SUMUTPOS.CO – Prestasi terus diukir untuk mengasah kemampuan diri, dan menjadikan prestasi sebagai bagian motivasi diri agar terus belajar-belajar dan belajar.
Begitulah, Suprayitno, guru matematika SMA Negeri 3 Medan merupakan satu dari sekian banyak guru berprestasi di Kota Medan. Selama 26 tahun menjadi guru impiannya tetap ingin mengukir prestasi.
Baginya, untuk menjadi guru berprestasi bukan hal yang mudah. Harus ada ide, pemikiran atau inovasi terbaru yang diaplikasikan ke dalam mengajar. Selain itu, harusnya mampu mempertanggungjawabkan dan mempresentasikan terobosan yang dilahirkan serta mengusai bahasa Inggris.
Pengalamannya mengikuti ajang kabupaten/kota dan bersaing dengan sekitar 20 guru SMA se-kota Medan. Setelah melalui proses atau berbagai tahapan, akhirnya keluar sebagai juara 1 guru berprestasi SMA tingkat Kota Medan. Bermodal juara itulah mendapatkan tiket untuk maju mengikuti seleksi tingkat provinsi dan berhasil juara 1 kembali.
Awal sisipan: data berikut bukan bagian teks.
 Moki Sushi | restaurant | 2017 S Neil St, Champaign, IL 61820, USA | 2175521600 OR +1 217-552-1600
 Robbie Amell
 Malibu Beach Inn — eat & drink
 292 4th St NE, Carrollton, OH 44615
“Akhirnya saya hanya mendapatkan juara 15 di tingkat nasional. Meski kalah, ada pelajaran penting yang bisa dipetik. Bahwasannya, untuk mengikuti ajang guru berprestasi tingkat nasional butuh persiapan yang tidak sebentar. Sebagai contoh, guru perwakilan dari Jawa Tengah yang dikirim pada saat itu merupakan guru berprestasi dua tahun sebelumnya yaitu tahun 2013. Guru tersebut digembleng dan diberi pelatihan oleh pemerintah daerah setempat melalui dinas pendidikan selama dua tahun. Jadi, benar-benar dipersiapkan secara matang dan tidak serta merta guru berprestasi dikirim ke Jakarta untuk berjuang mengharumkan daerah asalnya,” ceritanya.
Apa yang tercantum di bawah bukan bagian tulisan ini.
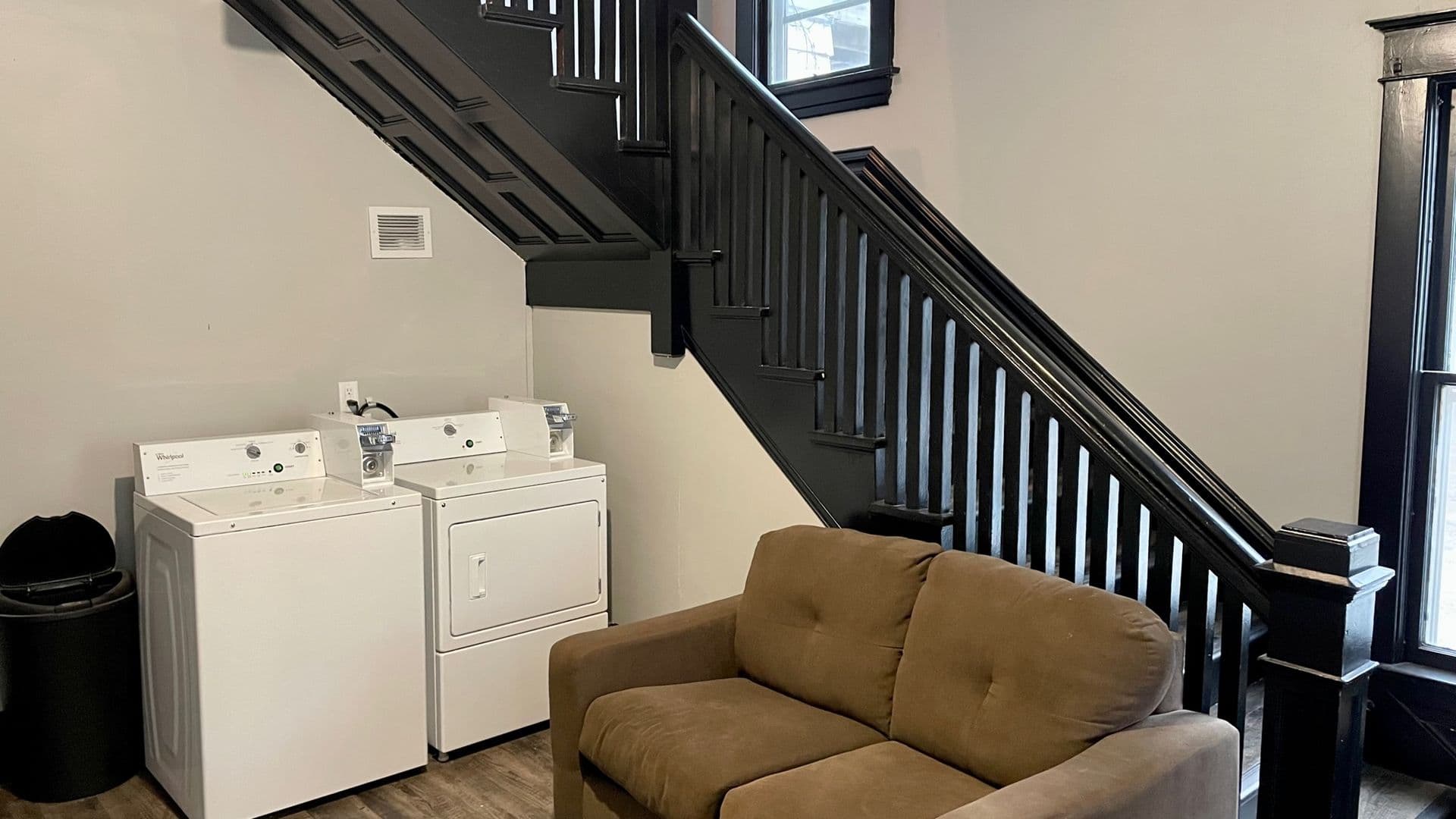 Cedar Falls Apartment: 710 W. Seerley Blvd.
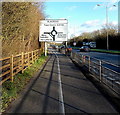 Western approach to Blagrove roundabout near Swindon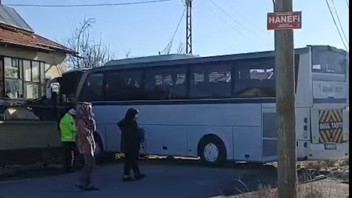 Okul yolunda feci kaza: Öğrenciler ölümden döndü, çok sayıda yaralı var!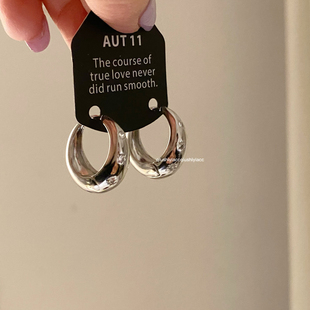 秋十一Acc 韩系精致钻钻气质耳圈百搭高级感耳饰 星愿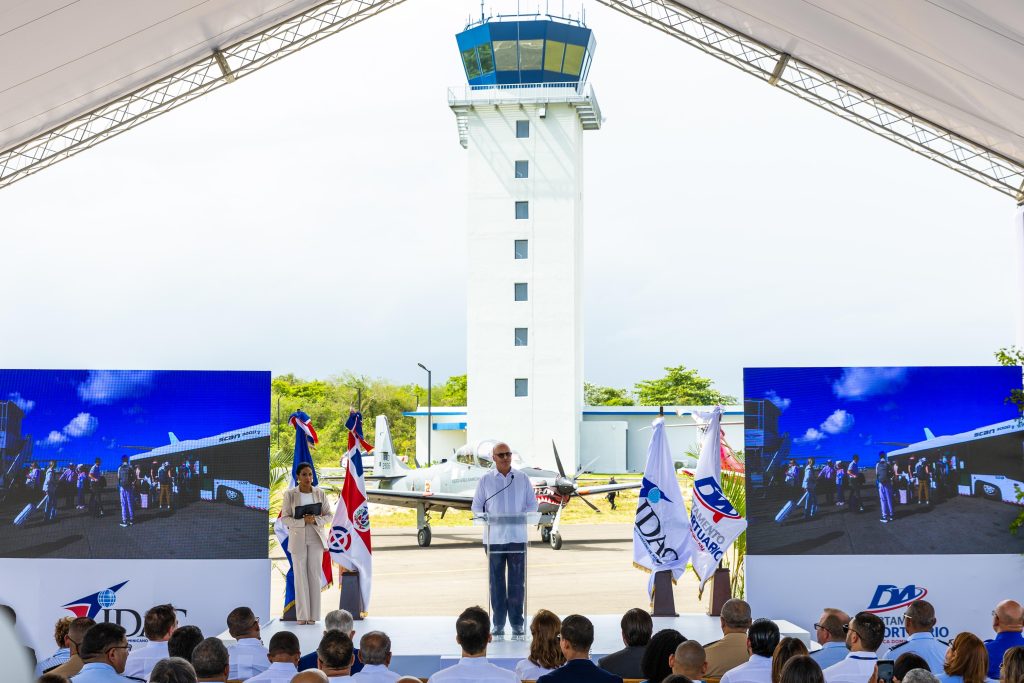 Igor Rodríguez, director general, durante su discurso de inauguración de la Torre de Control.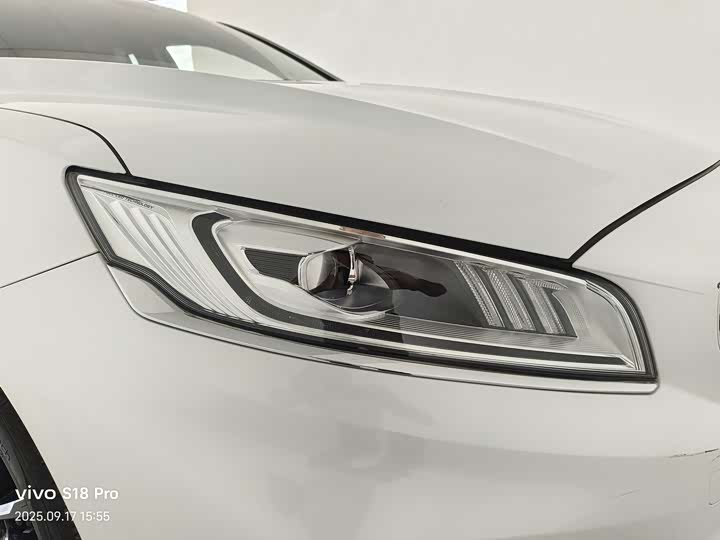 Geely Emgrand GT 2021 2021款 1.8T 领航版+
Dia mengaku miris, ajang guru berprestasi tingkat kab/kota dinilai minim partisipasi atau kurang tertarik. Oleh karenanya, ini harus menjadi perhatian pemerintah daerah maupun stakholder yang berkaitan. Selain itu, ini tak terlepas dari dampak hasil yang diraih menjadi guru berpretasi tersebut. Satu hal yang perlu dijadikan bagian untuk mengikuti seleksi guru berprestasi tingkat nasional yakni membuat karya tulis.
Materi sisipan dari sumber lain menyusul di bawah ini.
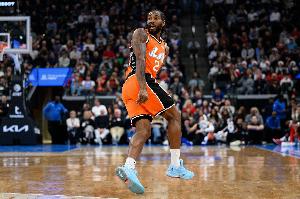 最新黑白篮球nba官网直播_无插件免费在线观看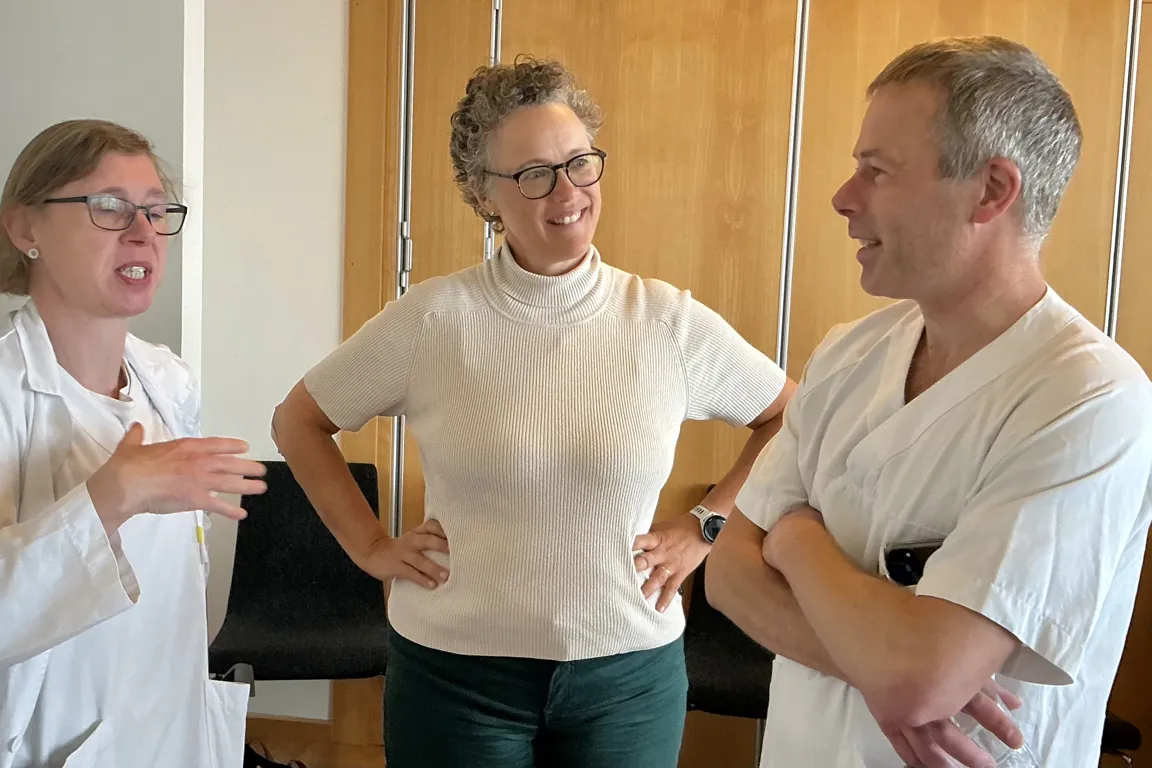 Noen få personer som har en samtale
“Karya tulis yang saya angkat tentang pembelajaran matematika yang diterapkan di sekolah. Saya menggunakan alat peraga Klinometer (Trigonometri) yang dimodifikasi agar biayanya dapat terjangkau oleh siswa dari semua kalangan. Untuk membuat alat itu hanya perlu biaya Rp10.000. Alatnya terbuat dari pipa paralon sisa bekas pakai, busur, dan lain sebagainya,” paparnya.